Closures top off beverage bottles' impact: the closure is becoming a hotbed for decoration and functionality. Best results occur when the closure is part of the total design.
Beverage closures are evolving from being merely the "thing" that caps off the bottle. They're increasingly working with the package to create a total dispensing team.
Closures are becoming part of the container design at its earliest stages to provide marketing impact on the shelf and convenience in the consumer's hand.
Two developments are driving this trend:
* Closures are beginning to embrace decorating techniques such as the vibrant colors, embossing and debossing that have splashed across other elements of the package.
* Beyond form, functionality is taking center stage as the closure increasingly reflects the product positioning. Increasingly, the closure designs are taking the product's target consumers--especially kids and teens--into consideration.
These developments reflect beverage closures' evolution into more sophisticated marketing tools. Considering the glut of beverages on the store shelf, an attractive, functional closure may provide the deciding factor in whether your brand or a competitor's lands in the shopping cart.
Decorating trends
Decorative effects underscore one trend that's driving a new generation of beverage closures. One "hot" decorative area in closures is embossing and debossing. Closure manufacturers cite this rule of thumb: Any surface you can print you can also emboss or deboss.

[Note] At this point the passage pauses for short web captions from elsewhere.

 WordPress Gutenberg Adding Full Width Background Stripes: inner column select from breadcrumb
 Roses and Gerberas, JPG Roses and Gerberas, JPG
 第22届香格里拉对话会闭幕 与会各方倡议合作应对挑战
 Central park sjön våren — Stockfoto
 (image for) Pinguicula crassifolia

Marketers are using embossing and debossing primarily to highlight brand logos. Consumers associate embossing and debossing with perceptions of higher product quality.

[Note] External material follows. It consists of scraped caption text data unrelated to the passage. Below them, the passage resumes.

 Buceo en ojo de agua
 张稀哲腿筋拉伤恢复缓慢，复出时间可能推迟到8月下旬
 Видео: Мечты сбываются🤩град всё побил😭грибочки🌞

Chilled juice reflects the growing popularity of this trend. Tropicana and Minute Maid both emboss their name on a flat closure on their bottles.
Both closures are stock items, but it was important for each brand to bring the supplier into package-design discussions early on to get the best results, explains David Beckmann, Vice President of Owens-Illinois' (O-I) Food and Beverage Closures Business Unit. O-I makes the closures for the Minute Maid and Tropicana juice bottles.
"There's this presumption that, 'We'll just put a closure on it,'" Beckmann observes. "If the bottle is not working with the closure, you're not optimizing the system," especially when using a plastic bottle.
If you're considering embossing or debossing your closure, several Closure manufacturers recommend that your volume should exceed 50 million units per year to make the higher tooling costs worthwhile.